This review is limited by methodology of included studies; there was poor reporting of methods for sequence generation, allocation concealment and blinding of participants, personnel and outcome assessment.
Social media use is constantly evolving, resulting in difficulties in defining the interventions and ensuring the use of up-to-date sources.
Overweight and obesity are characterised by abnormal or excessive fat accumulation that may impair health.1 Body mass index (BMI) is the common measure for body fat. In adults, a BMI greater than 24 is indicative of overweight status and a BMI greater than 29 indicates obesity.2 There is no universal agreement on the classification of obesity in children, but the use of growth charts and reference curves have been suggested.2 BMI does not account for factors such as lean muscle composition or waist circumference, but at a population level it is a good indicator of weight status.2
Overweight and obesity are global problems, affecting developed and developing countries. In 2008, the WHO estimated that more than 1.4 billion adults worldwide, aged 20 years and older, were overweight, and, of those, over 700 million were obese.1 These conditions lead to a variety of chronic diseases such as cardiovascular disease and type 2 diabetes, which pose a large burden on health systems.2
While there are pharmacological and surgical options for treatment of excessive weight, they are typically reserved for extreme situations. Lifestyle interventions involving changes in diet and physical activity levels are most commonly advocated for prevention and treatment,2 particularly decreasing calories and augmenting energy expenditure through increased exercise. Other dietary changes such as increasing fruit and vegetable consumption and decreasing sugary beverage intake are also advocated.
While there have been many studies examining the use of computer and Internet-based interventions promoting healthy diet and exercise,3–7 social media offers a new group of tools whose efficacy as an intervention for lifestyle modifications is just beginning to be evaluated.

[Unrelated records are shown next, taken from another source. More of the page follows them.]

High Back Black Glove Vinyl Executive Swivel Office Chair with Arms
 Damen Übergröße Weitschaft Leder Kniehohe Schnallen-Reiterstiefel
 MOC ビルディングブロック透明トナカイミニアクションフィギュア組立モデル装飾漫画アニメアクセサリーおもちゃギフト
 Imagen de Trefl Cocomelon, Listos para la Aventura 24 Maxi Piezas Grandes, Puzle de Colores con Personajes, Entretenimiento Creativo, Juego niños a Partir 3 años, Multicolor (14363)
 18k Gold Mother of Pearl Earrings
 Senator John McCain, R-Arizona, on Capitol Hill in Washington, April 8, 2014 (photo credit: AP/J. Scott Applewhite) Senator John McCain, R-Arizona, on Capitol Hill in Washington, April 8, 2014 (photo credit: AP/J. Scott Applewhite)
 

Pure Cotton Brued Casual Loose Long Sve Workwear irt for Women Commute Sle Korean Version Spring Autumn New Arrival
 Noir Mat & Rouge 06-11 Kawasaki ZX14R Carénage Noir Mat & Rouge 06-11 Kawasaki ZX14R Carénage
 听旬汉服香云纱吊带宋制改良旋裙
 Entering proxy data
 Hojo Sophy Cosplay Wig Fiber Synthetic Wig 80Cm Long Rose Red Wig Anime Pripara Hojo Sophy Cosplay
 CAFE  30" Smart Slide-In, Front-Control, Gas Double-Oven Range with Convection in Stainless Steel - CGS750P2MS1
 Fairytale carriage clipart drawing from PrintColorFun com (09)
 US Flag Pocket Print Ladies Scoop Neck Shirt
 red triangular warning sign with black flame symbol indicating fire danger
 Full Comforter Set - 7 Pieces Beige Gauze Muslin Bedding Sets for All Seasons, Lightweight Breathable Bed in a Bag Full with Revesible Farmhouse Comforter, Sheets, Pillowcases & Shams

Social media can be defined as a group of online applications that allow for the creation and exchange of user-generated content, and which can be divided into five different types: (1) collaborative projects (eg, Wikipedia), (2) blogs or microblogs (eg, Wordpress and Twitter), (3) content communities (eg, YouTube), (4) social networking sites (eg, Facebook) and (5) virtual gaming or social worlds (eg, Second Life).8 These tools are a part of what was, in 2004, termed Web V.2.0: the utilisation of the World Wide Web as a platform where content is continuously modified by all users in a collaborative fashion.8
Many benefits of social media have been advocated. Social media provides a cost-effective way to increase user interaction, provide peer-to-peer support and widen access to health interventions.9 However, there are concerns about reliability and quality control of disseminated information. As social media gains in popularity as a health intervention,10 it is important to understand the impact it is having on users.
Our objective was to conduct a systematic review of randomised controlled trials (RCTs) examining the use of social media to promote healthy diet and exercise in the general population to identify (1) how social media is being used as an intervention and (2) whether it is effective.
A research librarian with extensive experience in systematic reviews developed the search strategy, which involved 11 databases: MEDLINE, CENTRAL, ERIC (all via the Ovid platform), PubMed (hosted by the National Library of Medicine), CINAHL, Academic Search Complete, Alt Health Watch, Health Source, Communication and Mass Media Complete (all via the EBSCO platform), Web of Knowledge, and ProQuest Dissertation and Thesis. The databases were searched from 2000 to April 2013; the search was run on 3 May 2013. The starting date of 2000 corresponded to the establishment of Web V.2.0. References of included studies were also scanned for relevant literature. The search was not restricted by language or publication status. The search strategy for MEDLINE is appended; the searches for other databases are available from authors on request.
RCTs of social media interventions promoting healthy diet and exercise behaviours in the general population were eligible for this review. Interventions using social media, alone or as part of a complex intervention, were included based on Kaplan and Haenlein's8 classifications. We included electronic discussion boards as they involve the sharing of user-generated content. Any outcomes related to lifestyle behaviour change were considered for inclusion in this review. We excluded studies where interventions were targeted to populations with specific medical conditions such as diabetes, metabolic disorder, cardiovascular disease or eating disorders.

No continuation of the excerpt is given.